Le linee guida della Consensus Conference raccomandano, in tutti i casi di DSA, di procedere con una valutazione delle abilità cognitive di base al fine di escludere un ritardo intellettivo, e di tener conto dell'impatto che il disturbo ha nella vita scolastica e nell'adattamento generale del bambino.
Un training di potenziamento specifico di almeno tre mesi può consentire di discriminare con maggior precisione i casi di disgrafia da quelli di ritardo maturativo. Il periodo estivo è un buon momento per effettuare questo tipo di intervento perché il bambino è più libero dagli impegni scolastici, ha meno carico di studio e può recuperare le abilità deficitarie.
Impugnare correttamente la penna
E' il primo passo per imparare a scrivere bene
Per l'adulto scrivere è un processo semplice e automatizzato: si prende in mano una penna e si lasciano scorrere i pensieri trasformandoli in frasi scritte. Per il bambino le cose sono molto diverse.
Tutto inizia dalla scoperta che è possibile lasciare un segno del proprio passaggio su qualche materiale: può essere la sabbia bagnata che trattiene l'impronta del piede per qualche secondo prima che l'onda del mare la cancelli, può essere il cortile di casa disegnato con qualche sassolino colorato, può essere il muro della propria stanzetta rigato dal passaggio di qualche giocattolo.
Quando il bambino sperimenta la prima volta i pennarelli può dimostrare più curiosità per il tappo estraibile che per le loro proprietà. In genere sono gli adulti a mostrare come si usano e ad invitare il piccolo a fare altrettanto.
La prima forma di prensione utilizzata dal bambino è quella palmare (12-18 mesi): tutte le dita della mano sono piegate attorno alla penna, il polso e il braccio rimangono sollevati dal tavolo e per scrivere viene usato tutto il braccio.
Successivamente il bambino inizia ad appoggiare il gomito sul tavolo e a utilizzare principalmente tre dita per sostenere il colore (pollice, indice e medio), ma il movimento del polso è ancora limitato (2-3 anni).
Verso l'ultimo anno della scuola dell'infanzia, la presa del mezzo grafico inizia ad essere più sciolta e si perfeziona fino ai 10-11 anni.

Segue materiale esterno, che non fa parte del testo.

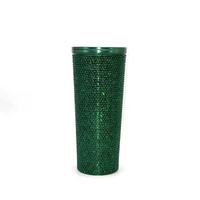 Gobelet isotherme sous vide à double paroi en acier inoxydable 304 Diamond Bling 700 ml avec couvercle et paille, maintien thermique 6-12 heures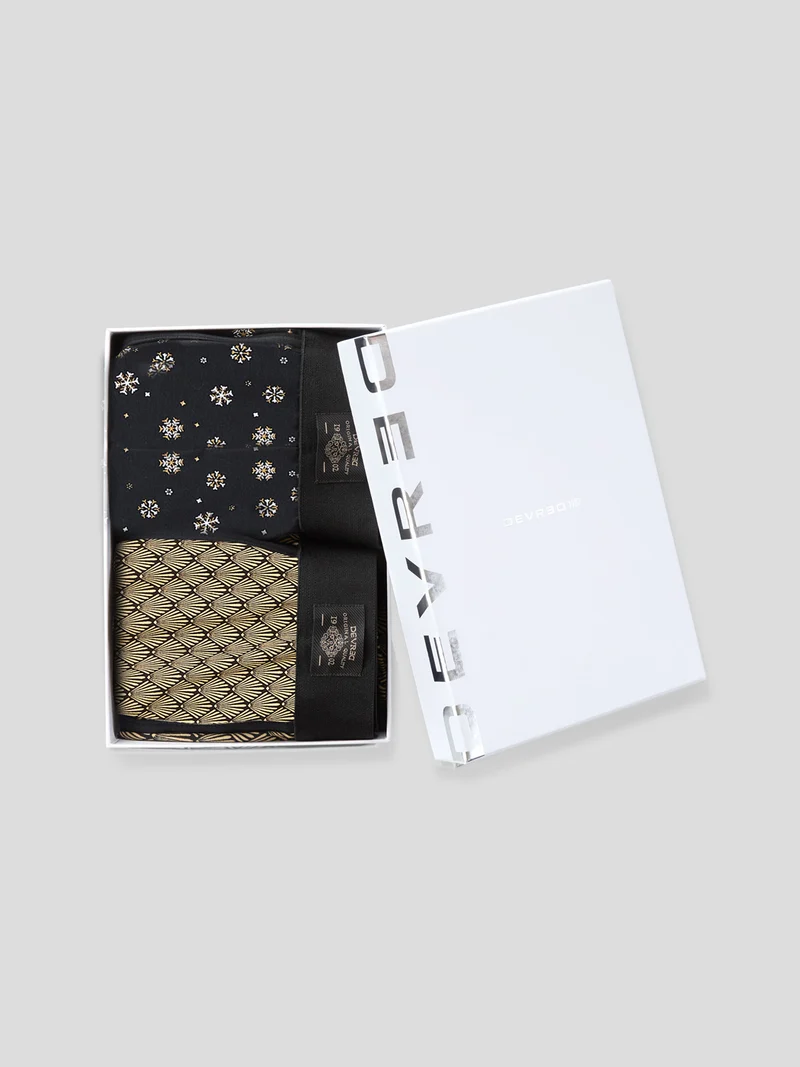 Coffret cadeau 2 boxers fantaisie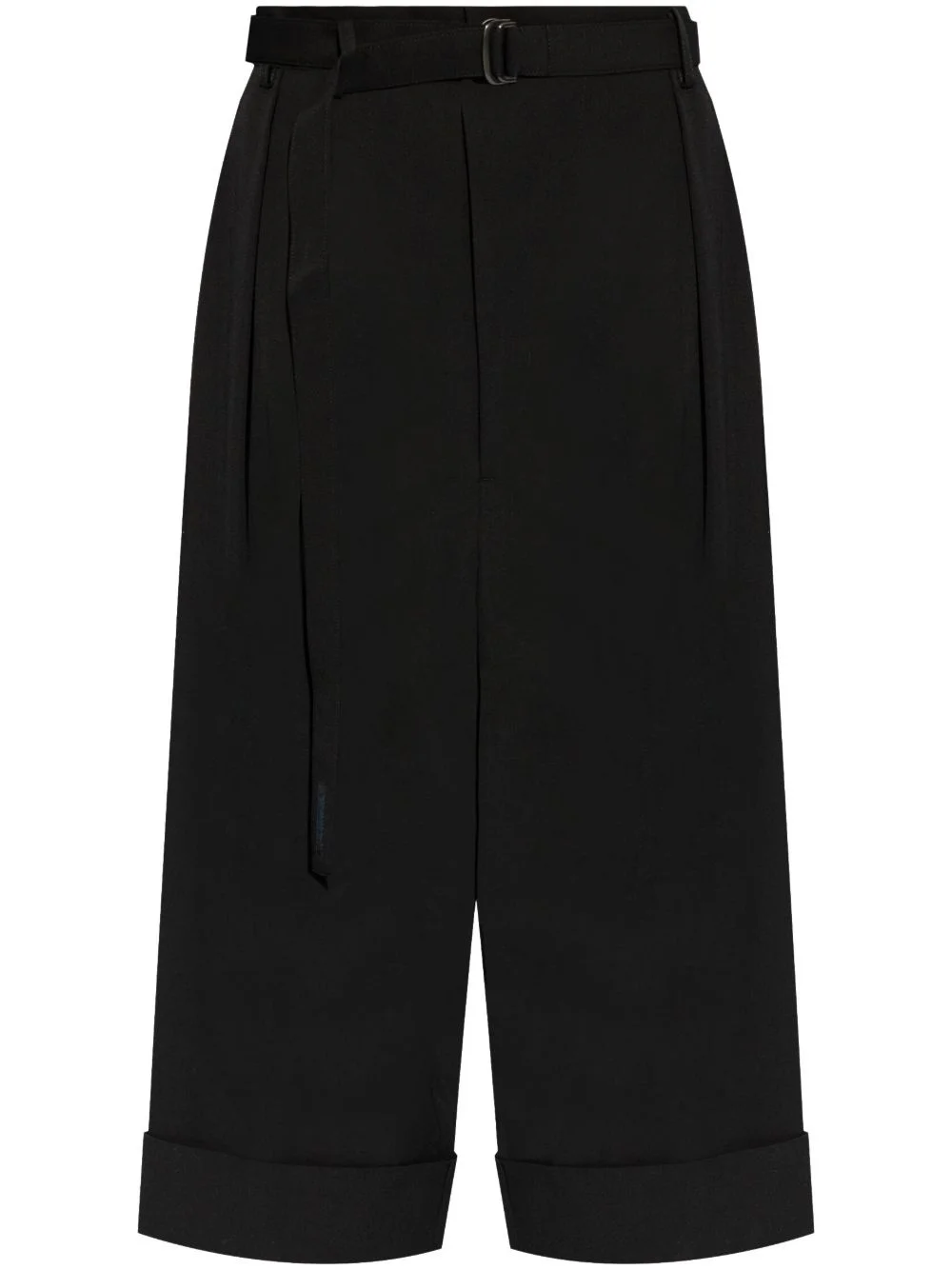 gabardine R-backside wide trousers - 1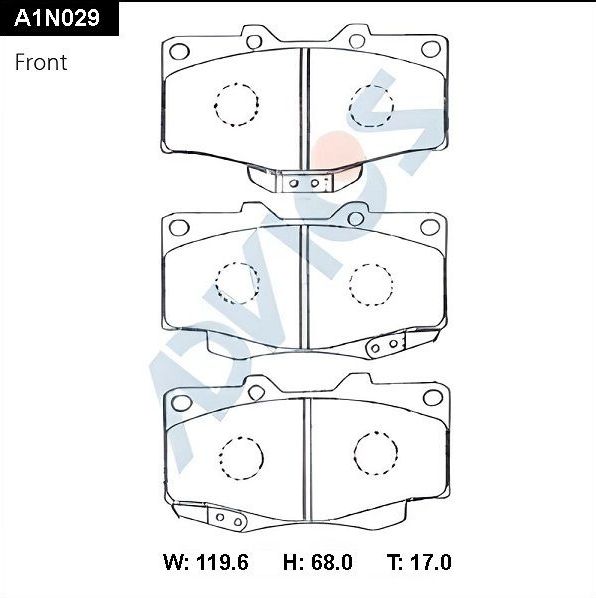 Тормозные колодки Advics. Артикул A1N029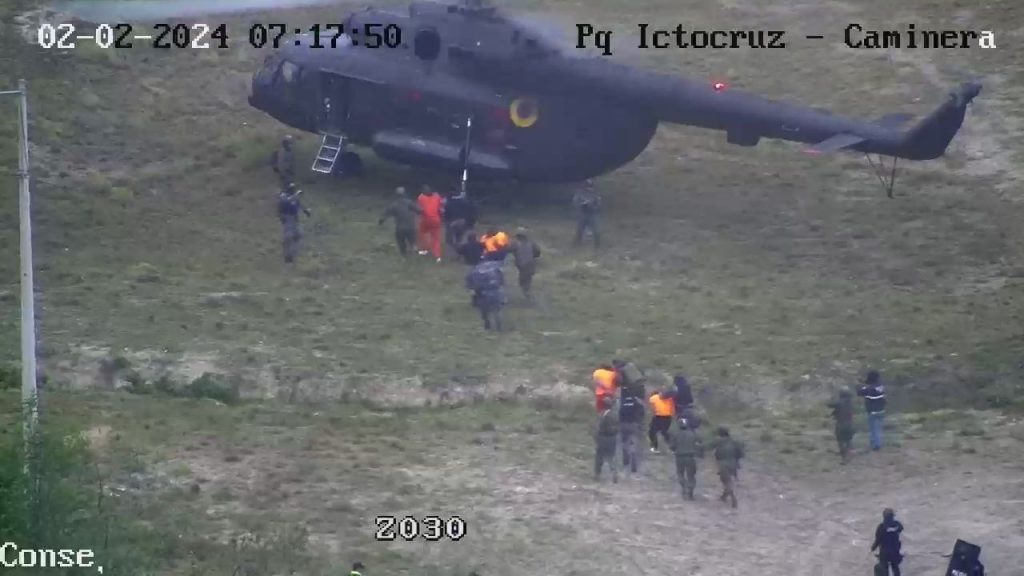 Imagen publicada por el alcalde Zamora la mañana de este viernes, sobre el supuesto traslado de privados de libertad.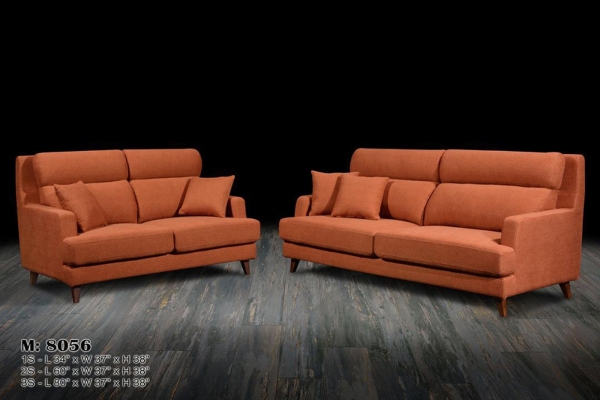 M 8056 Fabric Sofa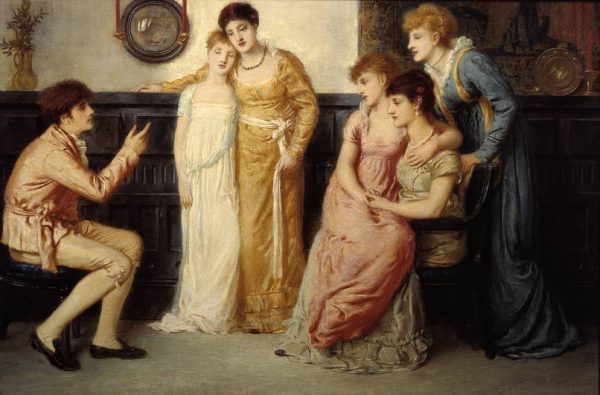 A Youth Relating Tales to Ladies 1870 by Simeon Solomon 1840-1905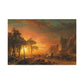Bierstadt, Albert - Emigrants Crossing the Plains (1867) - Canvas Block, unframed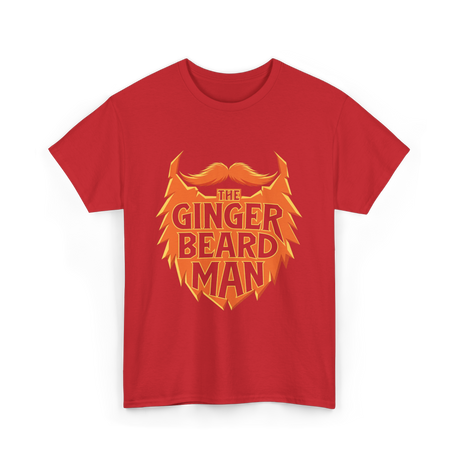 The Ginger Beard Man Beard T-Shirt - Red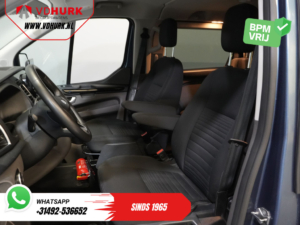 Ford Transit Custom Van 2.0 TDCI 170 hp Aut. L2 DC Doppelkabine 2x Schiebetür/ Carplay/ Sitzverw./ Navi/ Airco/ Kamera/ Cruise/ 16 ”LMV/ PDC/ Anhängerkupplung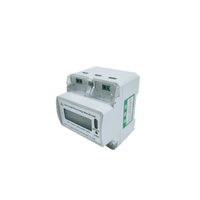Compteur d'énergie intelligent prépayé monophasé sur rail DIN, communication LoRaWAN, lecture à distance, affichage analogique et numérique, classe 1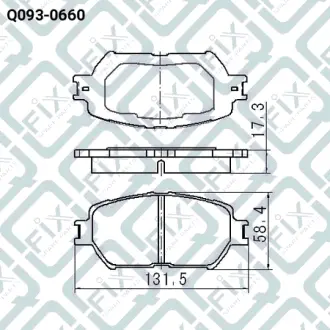 Колодки гальмівні передн.дискові Q-FIX Q0930660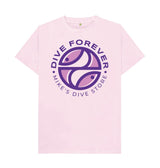 Dive Forever T-Shirt Pink Outline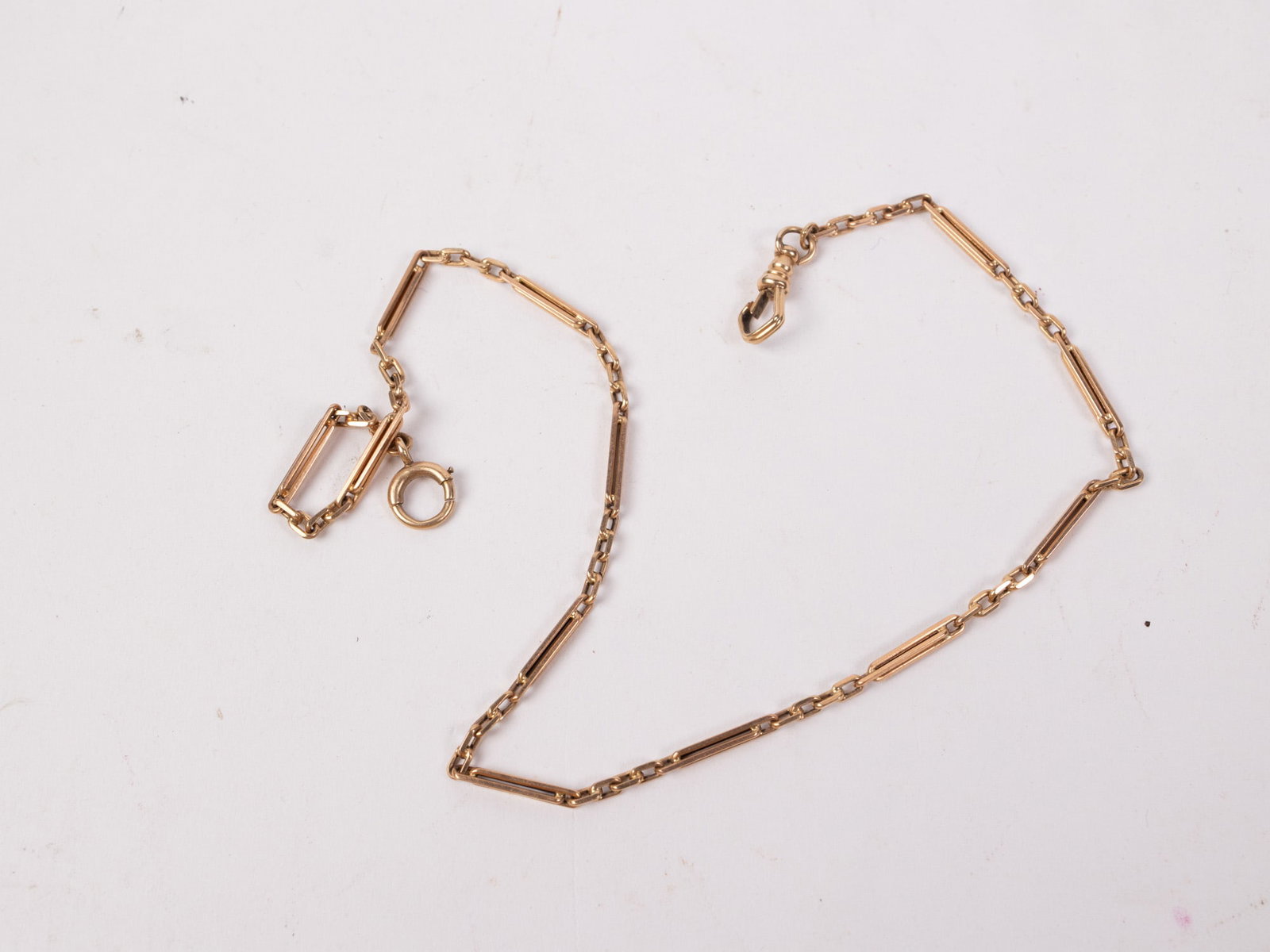 Three Antique Pocket Watch Chains - 4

Un tempo si credeva esistesse un solo modo di afferrare correttamente la matita: la prensione a 3 dita dinamica. Come si vede dal disegno, in questo tipo di prensione pollice, indice e medio collaborano nella realizzazione dei gesti di flessione e estensione della penna, mentre anulare e mignolo offrono stabilità alla mano (Summers, 2001).
La punta della matita dovrebbe essere rivolta verso sinistra nei mancini e verso destra nei destrimani. Dovrebbe essere inclinata di circa 20-30° dalla verticale in direzione di chi scrive.
La prensione a 3 dita dinamica è efficace perché le articolazioni possono muoversi liberamente e i meccanorecettori dei polpastrelli delle dita riescono a fornire input molto accurati facilitando il controllo della motricità fine.
Alcuni studi, tuttavia, hanno evidenziato che solo il 15% dei bambini di età compresa tra i 7 e i 9 anni ricorre a questo tipo di prensione, e che i soggetti che utilizzano tipologie di prensioni diverse non necessariamente scrivono male (Parush et al., 1998).
Generalmente l'effetto negativo di una presa scorretta
si rivela quando il bambino scrive per periodi di tempo prolungati;
in questi casi può accusare dolore alle dita o al polso
e può essere costretto ad afferrare la penna in modo diverso
per cercare di ottenere un sollievo momentaneo.
I bambini disgrafici spesso hanno una prensione che causa affaticamento e assumono una posizione con il capo e con il busto che non consente una visione ottimale di ciò che stanno facendo.
Per questo lo psicologo che li prende in carico deve compiere un'adeguata valutazione di questi aspetti e rieducare, se necessario, anche la prensione del mezzo grafico.
BIBLIOGRAFIA
Blason L. et al. (2008), Il corsivo dalla A alla Z, Editrice Erickson.